-- What you will do --
Only one part of the listing is needed: the lines from the one with "Defensoría hace seguimiento" through the last line, copied exactly and free of pictures.

-- Available data --
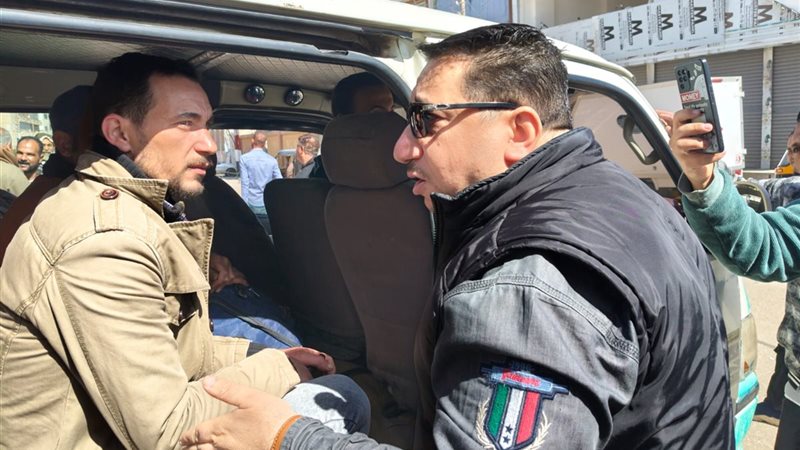 بوابة روز اليوسف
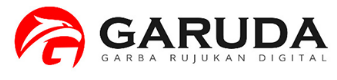 GARUDA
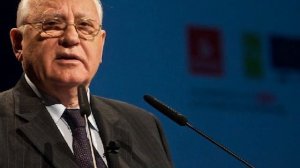 Ну вот и доигрались! Наследников Горбачева настигла карма за развал СССР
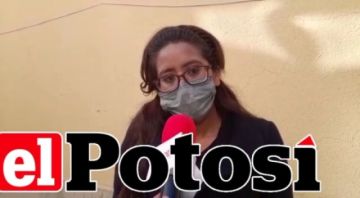 Defensoría hace seguimiento al caso de niña encontrada en estado de ebriedad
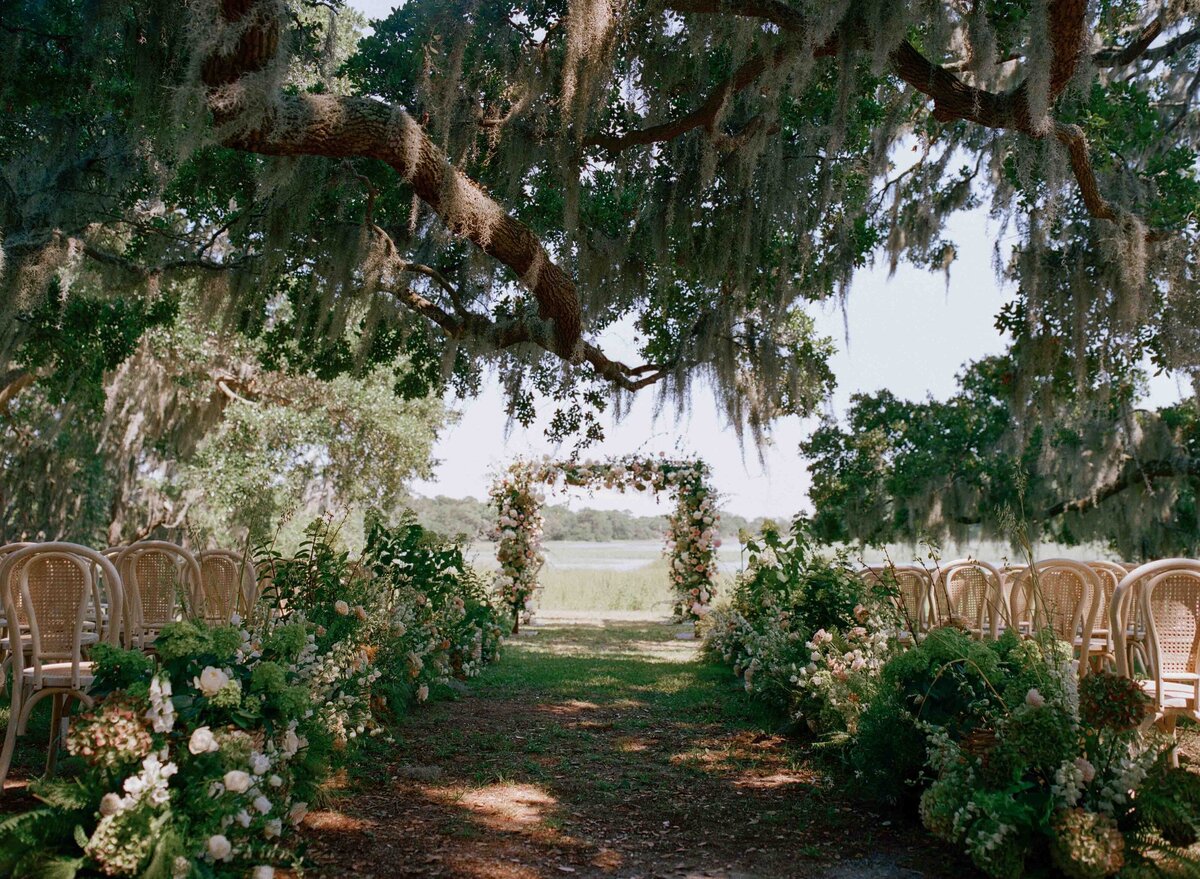 allisonandmichael-131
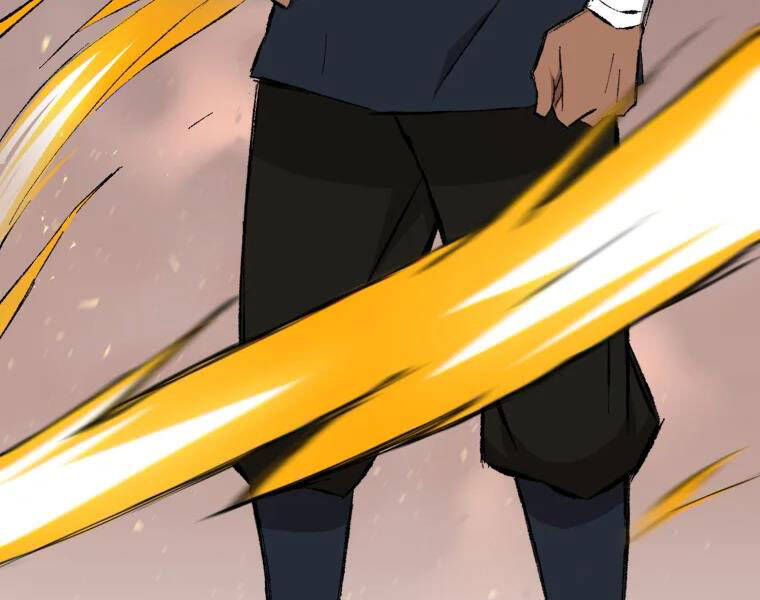 Đại Cao Thủ Chapter 24 - 110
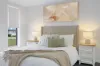 Lot 101 4 Janeth Street, Armidale, NSW 2350-Image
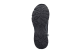 CMP Yakka (3Q75986) schwarz 2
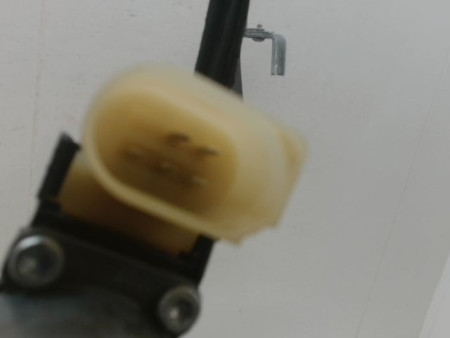 MECANISME+MOTEUR LEVE-GLACE AVANT GAUCHE MINI MINI II Phase 2 (R56) 2010-...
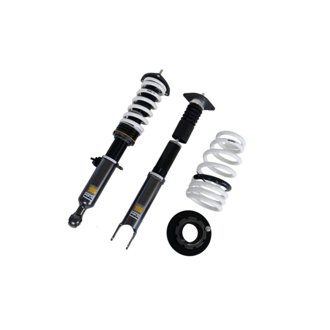 HIPERMAX S Z34 Full Kit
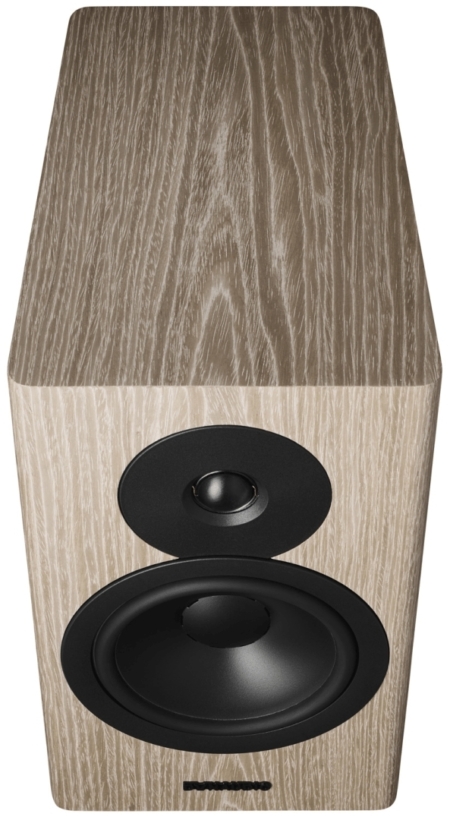 Dynaudio Evoke 20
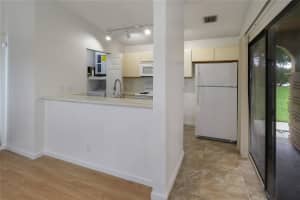 8139 NW 71st Ct, Tamarac, FL 33321 Sold 12/06/24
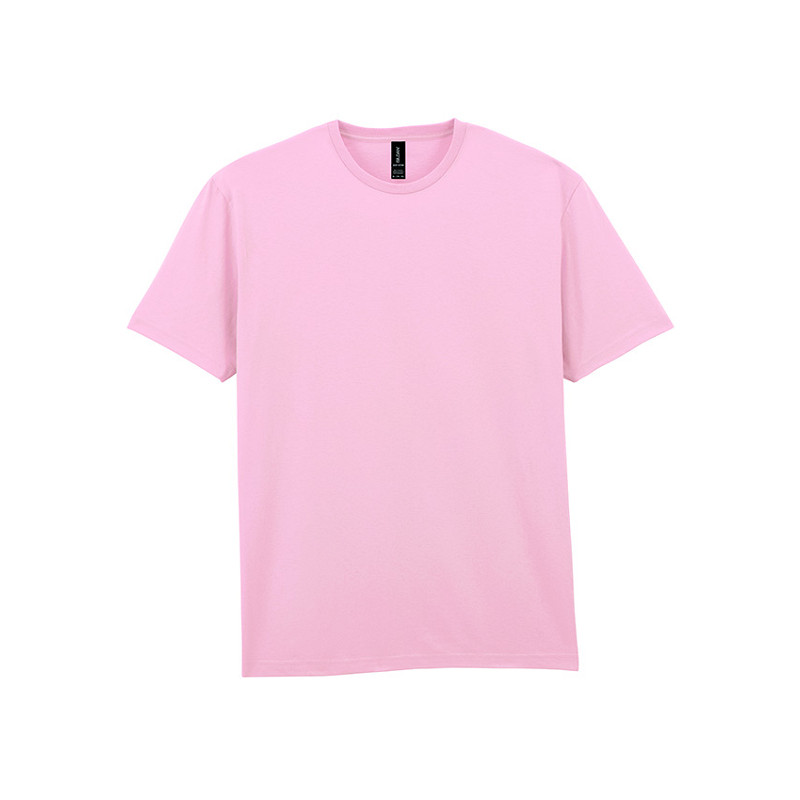 Gildan Light Cotton T-shirt
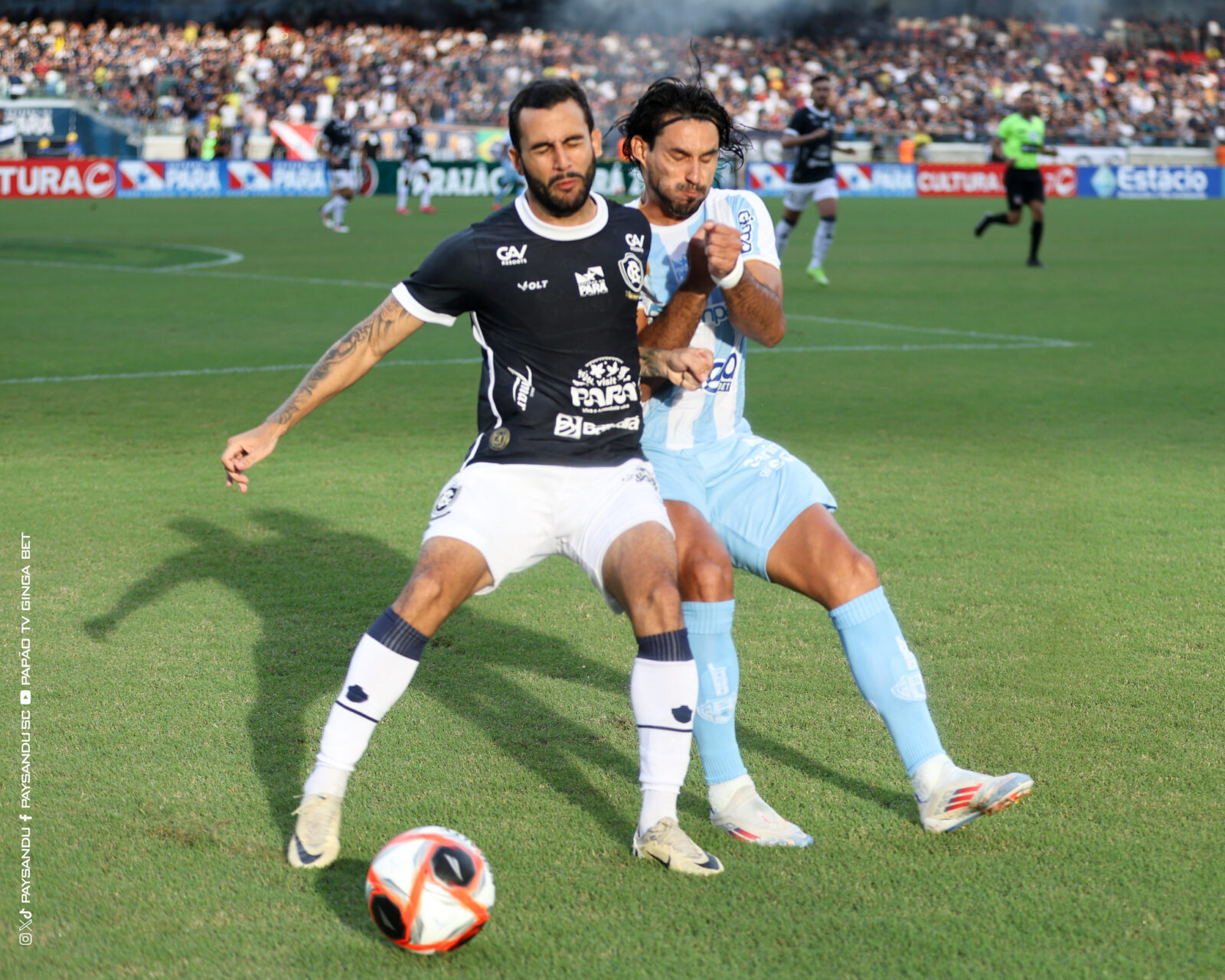 imagem servico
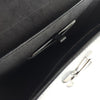 LOUIS VUITTON Epi Twist Schultertasche Crossbody M21110 7186 112859358 [P]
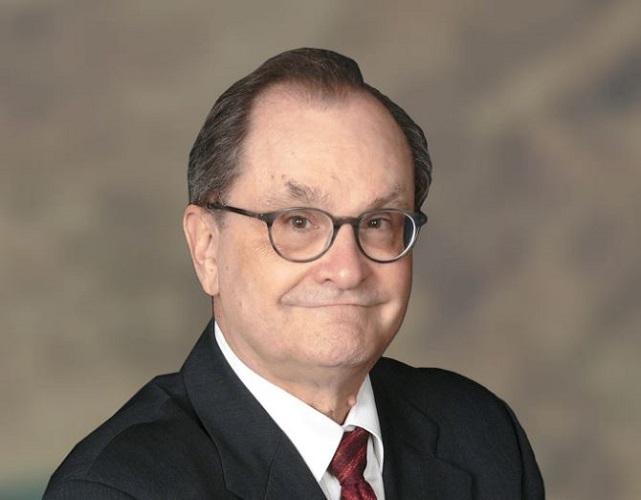 Pictures For Paul D Cass Law Attorney At Law In Los Angeles CA 90010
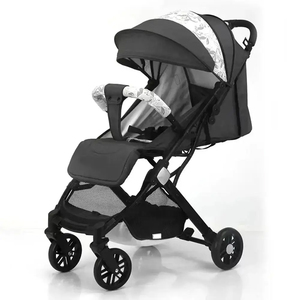 Cochecito de bebé ligero barato, cochecito de viaje, cochecitos plegables, Cochecitos de bebé, cochecito de bebé <span class=keywords><strong>para</strong></span> recién nacido - Product Image 6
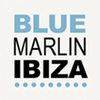 undefined Blue Marlin Ibiza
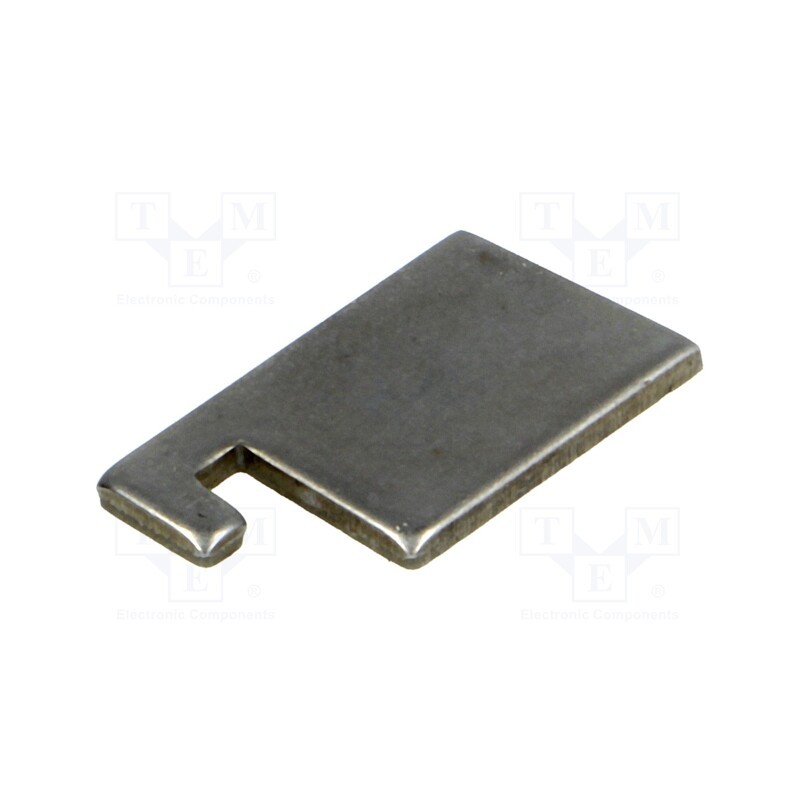 1 pcs x NEWBRAND - NB-530/B - Blade, NB-530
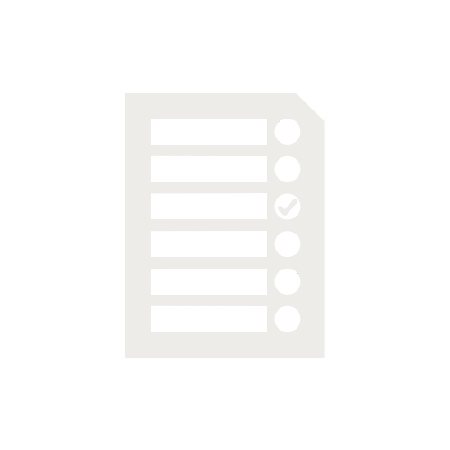 List image-01.png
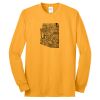 Long Sleeve Core Blend Tee Thumbnail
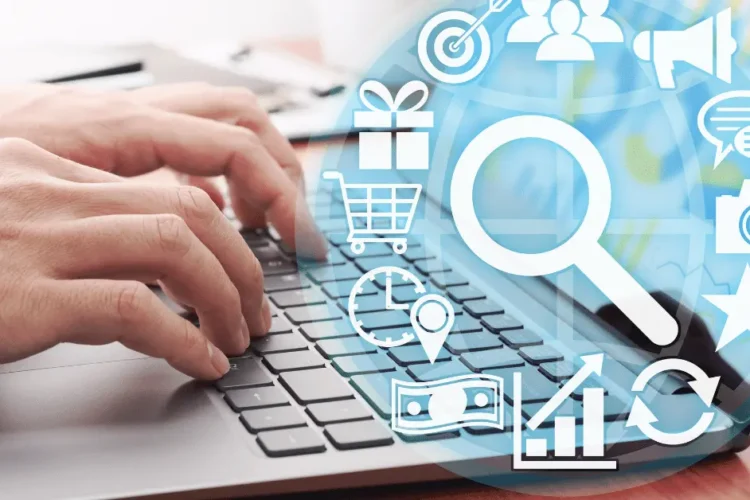 9 TECHNIQUES FOR SMARTER DIGITAL MARKETING STRATEGY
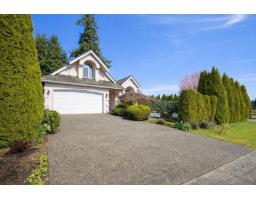 16583 10 AVENUE, White Rock, British Columbia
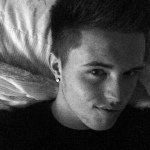 Jack Flatt - @jackflatt_ - Instagram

-- Reply to the task --
 Defensoría hace seguimiento al caso de niña encontrada en estado de ebriedad
 allisonandmichael-131
 Đại Cao Thủ Chapter 24 - 110
 Lot 101 4 Janeth Street, Armidale, NSW 2350-Image
 CMP Yakka (3Q75986) schwarz 2
 MECANISME+MOTEUR LEVE-GLACE AVANT GAUCHE MINI MINI II Phase 2 (R56) 2010-...
 HIPERMAX S Z34 Full Kit
 Dynaudio Evoke 20
 8139 NW 71st Ct, Tamarac, FL 33321 Sold 12/06/24
 Gildan Light Cotton T-shirt
 imagem servico
 LOUIS VUITTON Epi Twist Schultertasche Crossbody M21110 7186 112859358 [P]
 Pictures For Paul D Cass Law Attorney At Law In Los Angeles CA 90010
 Cochecito de bebé ligero barato, cochecito de viaje, cochecitos plegables, Cochecitos de bebé, cochecito de bebé <span class=keywords><strong>para</strong></span> recién nacido - Product Image 6
 undefined Blue Marlin Ibiza
 1 pcs x NEWBRAND - NB-530/B - Blade, NB-530
 List image-01.png
 Long Sleeve Core Blend Tee Thumbnail
 9 TECHNIQUES FOR SMARTER DIGITAL MARKETING STRATEGY
 16583 10 AVENUE, White Rock, British Columbia
 Jack Flatt - @jackflatt_ - Instagram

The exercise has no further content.